PREFACE TO THE AMERICAN EDITION
Given the greater biblical literacy in the United States compared to that in Britain, perhaps I should add a few words to this edition in an attempt to clarify what the book is and – more important – what it is not. The Serpent’s Promise has, as subtitle, The Bible Interpreted Through Modern Science. The reaction by some among the faithful on my side of the Atlantic to that phrase was that of a Calvinist to a consecrated wafer: whatever the merits or otherwise of the titbit on offer, some believers could not swallow it: “Cue heavenly choir of white-coated lab dwellers . . . worshipping the Great Beard of Darwin, which looks remarkably like that of God” or, if you prefer, “a re-cranking of the Darwinian barrel organ – accompanied by the monkey of New Atheism, of course, as it screeches petulantly at religion”.
Such comments misunderstand what I have aimed to do. This volume tries to interpret the Good Book not from the point of view of an atheist (which I happen to be) but to read parts of it as an early attempt to make sense of the physical world and hence as an ancestor of today’s science. What have we found out in the past two millennia and more about the origin of life, about inborn fate, about the visions of the prophets or even about religion itself? Can science ever hope to explain why we do “unto others” by acting in a way that diminishes our own prospects while benefitting those of our fellows?
The Serpent’s Promise tries to answer those questions and others like them. It is not an attack on belief but a journey into what might be called Dawkins Canyon; the yawning chasm between the faithful and their opposites which is, in truth, filled with a variety of remarkable creatures. Adam and Eve are, as genetics makes clear, more than mere models of the loss of innocence that comes with carnal knowledge. Instead they were the real ancestors of every man and every woman today. Although Leviticus’ obsession with purity is often interpreted as a sermon on moral spotlessness, it contains a hidden truth, for his set of rules of cleanliness was written, as cities grew and travel increased, to provide just the conditions needed to spark off epidemics. For some, the Flood is a parable that tells believers that the Lord punishes sinners and makes a covenant with those who follow in his ways. I concentrate instead on the geological evidence of past disaster and on the deluge to come as climate change gallops out of control.
The noble prose of the King James Bible can provoke an emotional response even in a determined unbeliever (I am less confident about some of the newer translations), but as an explanation of physical events the Bible itself, unsurprisingly given its age, in many cases fails. Science’s job is to dispel mysteries, not to invent them, and, as I hope to show here, it often does the job better than do metaphysical stories. And, on the way, science can provide real insights into the world and into ourselves.

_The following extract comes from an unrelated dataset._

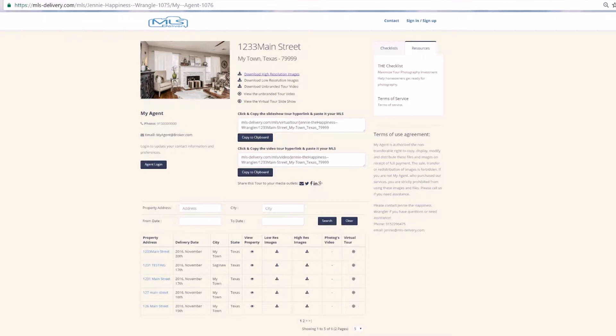On your MLS Delivery agent page, you have three items to choose to download: high-resolution print quality images, low-resolution images formatted for the MLS and your social media outlets, and the unbranded tour video, which is uncompressed and ready to use on download.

There are of course many things that lie beyond its powers. My book avoids anything not open to rational explanation. The Afterlife, the Resurrection, even God himself are central to belief, but science can neither confirm nor deny such notions, for they are based on spirituality alone. One correspondent bemoaned the fact that “Jesus is not even in the index” (which would make an excellent subtitle in its own right), but that omission is deliberate. Miracles, of their nature, stand outside physics.

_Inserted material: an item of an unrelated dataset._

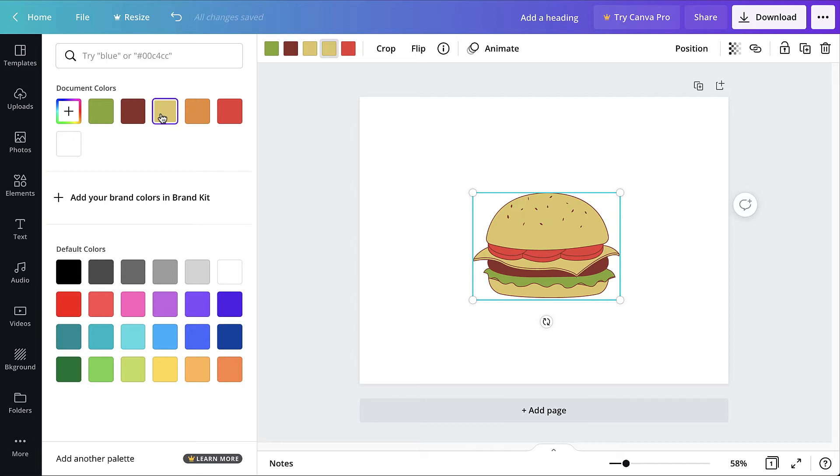To resize the element, click and drag the white circular handles that appear on the corners.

For the same reason I am not qualified to consider the Good Book’s myths and parables or to respond to the sense of mystery and the inner ecstasies claimed by many among the faithful. Such things, which mean so much to those who experience them, go beyond what I know.
Other elements of that great work are too easy to criticise. No thinking Christian today (and there are many) defends the notion that the earth is six thousand years old, or that women descend from a man’s rib-cage. Young Earth creationists have never been interested in rational explanation and to mock their claims is to kick straw men when they are down.
Many believers, in contrast, are enraged at what they see as the literalists’ infantile and demeaning interpretations of the biblical verses. Some are so annoyed by their statements that they throw out the blessed baby with the holy bathwater by denying that the Good Book has any contact at all with the real world. I find this surprising; if they so despise certain views of scripture that they are unwilling to accept the factual basis of at least some of its verses, what do they believe? To the acolytes of the Church of the Holy Metaphor not, it seems, very much. In their capacious philosophy none, or almost none, of the events recorded in the Testaments has a connection with the physical universe: instead, from Genesis to Revelation, they are to be read as symbol, allegory, and myth.
I am the last person to comment on whether my own book is, as literature or as science, any good or not: but whatever its merits or lack thereof, the response from that quarter has led me to the unexpected conclusion that, sceptic as I may be, I have more faith in the Bible than many Christians do. On the other hand, their system of thought is so different from my own that they may be right in their claim that they believe it from cover to cover. Such issues are for theology, a field of which I know little and one absent from these pages. The Serpent’s Promise is about science, not religion, and should be read with that limitation in mind.